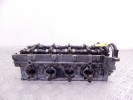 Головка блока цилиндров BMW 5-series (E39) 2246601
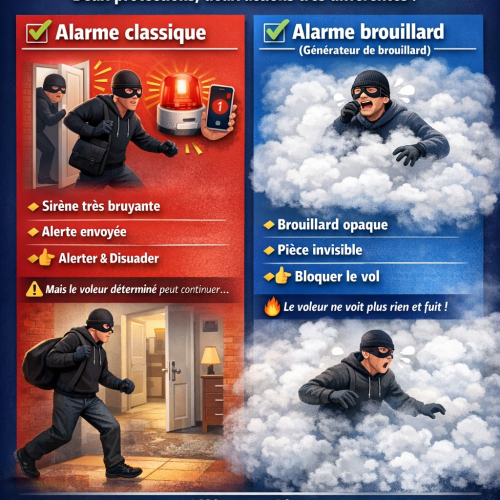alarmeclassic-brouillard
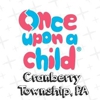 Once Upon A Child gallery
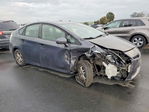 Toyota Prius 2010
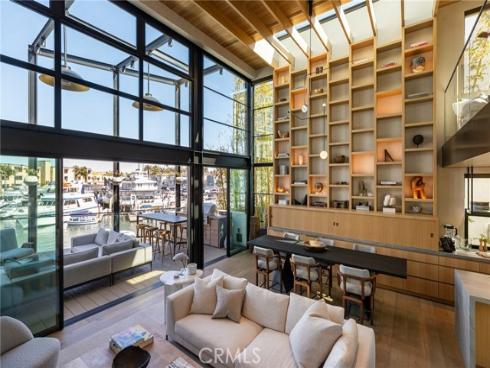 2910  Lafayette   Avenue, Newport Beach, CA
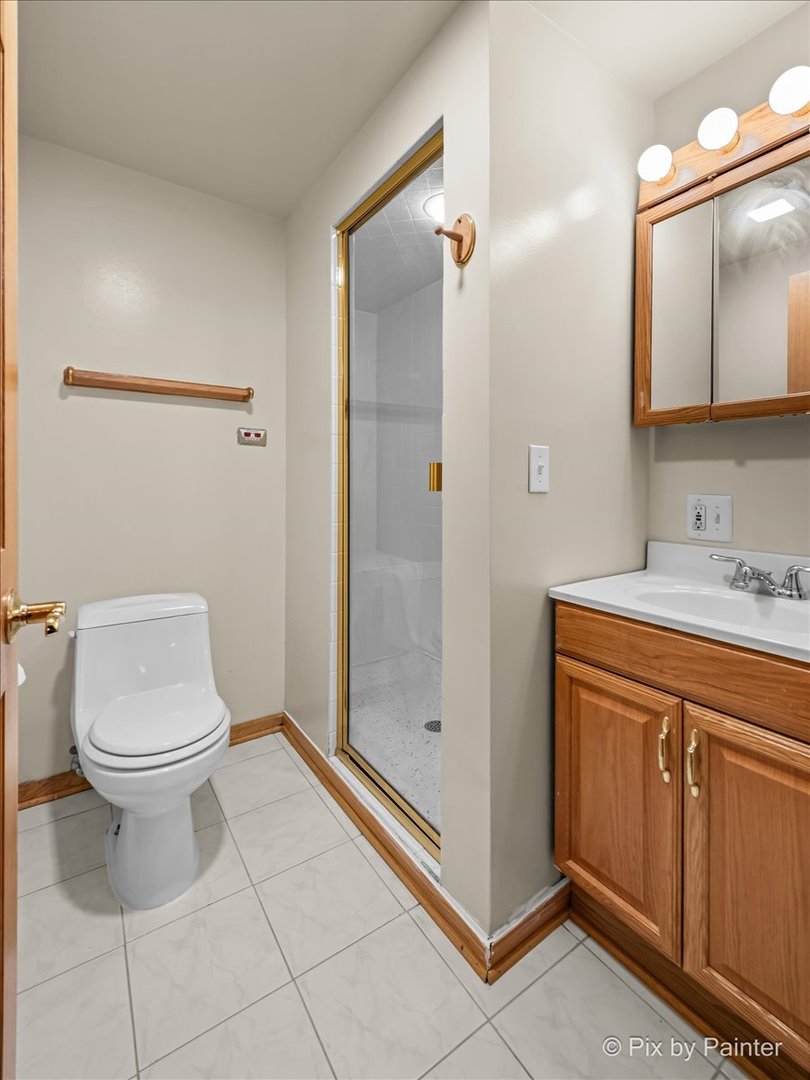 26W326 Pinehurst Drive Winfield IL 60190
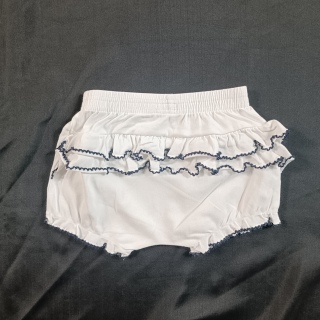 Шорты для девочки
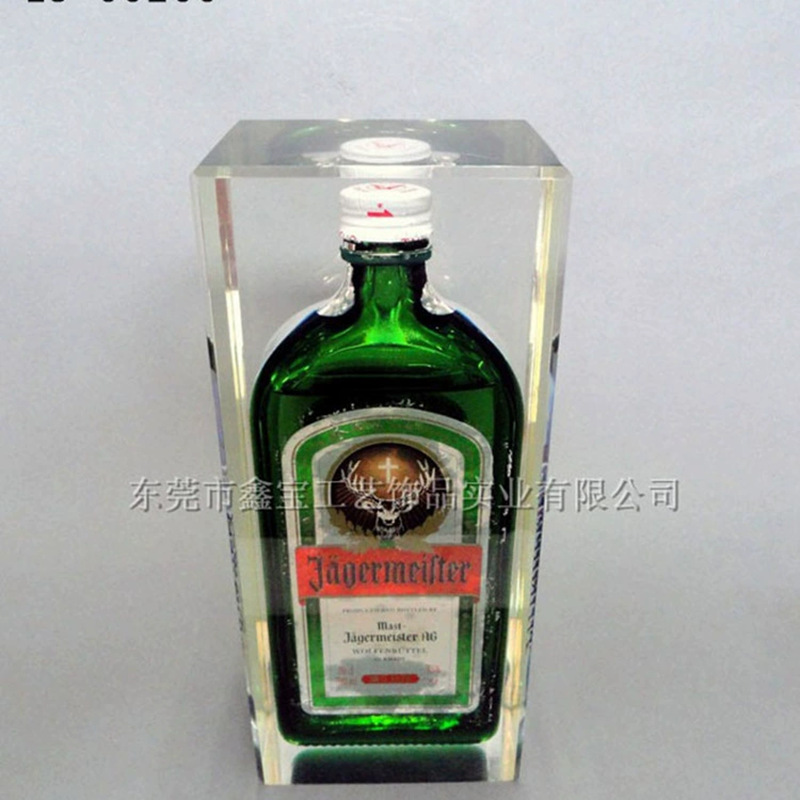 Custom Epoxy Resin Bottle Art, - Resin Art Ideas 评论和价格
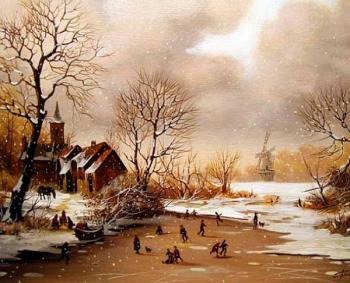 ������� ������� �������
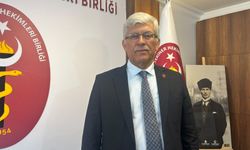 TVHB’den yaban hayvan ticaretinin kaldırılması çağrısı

* * * * * * *

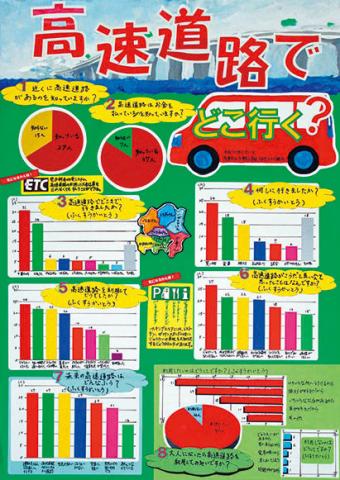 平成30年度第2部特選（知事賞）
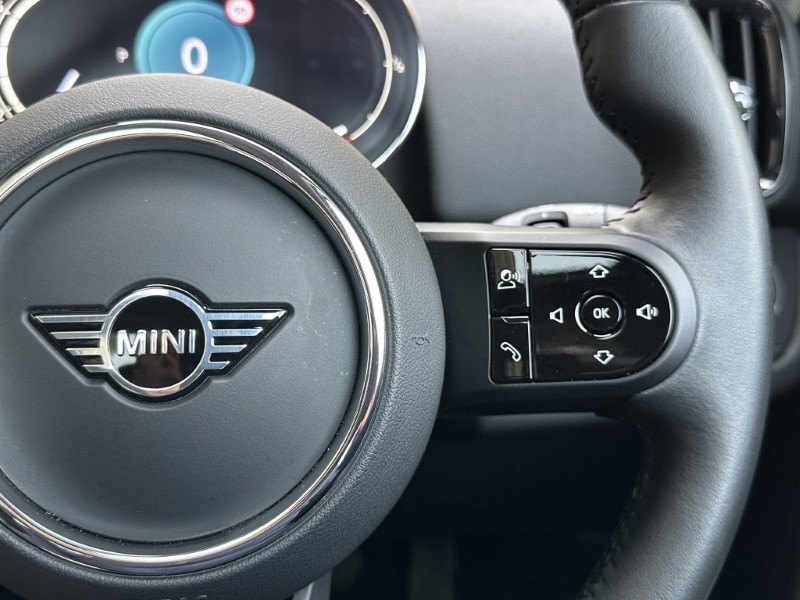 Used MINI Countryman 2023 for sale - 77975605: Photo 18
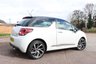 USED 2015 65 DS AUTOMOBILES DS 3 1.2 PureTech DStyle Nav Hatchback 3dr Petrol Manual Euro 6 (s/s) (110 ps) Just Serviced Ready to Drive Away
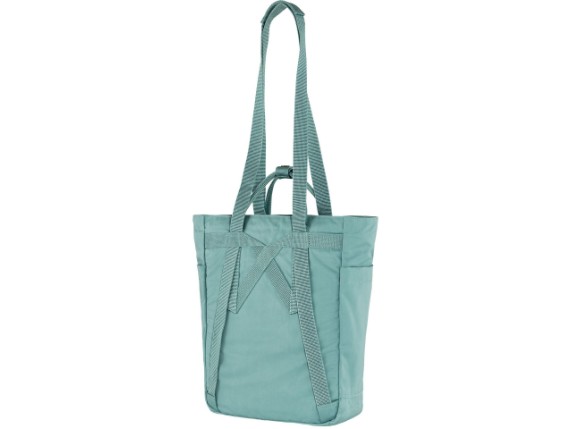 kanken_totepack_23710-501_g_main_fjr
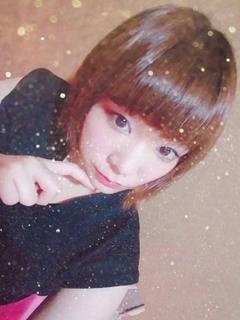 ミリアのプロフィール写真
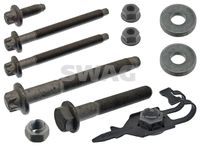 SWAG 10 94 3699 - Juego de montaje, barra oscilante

* * * * * * *

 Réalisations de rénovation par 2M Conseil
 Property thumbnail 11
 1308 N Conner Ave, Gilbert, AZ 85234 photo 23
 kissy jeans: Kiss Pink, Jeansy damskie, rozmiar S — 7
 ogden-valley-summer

* * * * * * *

§ TASK DESCRIPTION
Of all the material above, only the lines from the one that has "Головка блока цилиндров" down to the one that has "TVHB’den yaban hayvan" are to be written out, exactly and with both ends included. Pictures are skipped.

§ EXERCISE ANSWER
 Головка блока цилиндров BMW 5-series (E39) 2246601
alarmeclassic-brouillard
 Once Upon A Child gallery
 Toyota Prius 2010
 2910  Lafayette   Avenue, Newport Beach, CA
 26W326 Pinehurst Drive Winfield IL 60190
 Шорты для девочки
 Custom Epoxy Resin Bottle Art, - Resin Art Ideas 评论和价格
 ������� ������� �������
 TVHB’den yaban hayvan ticaretinin kaldırılması çağrısı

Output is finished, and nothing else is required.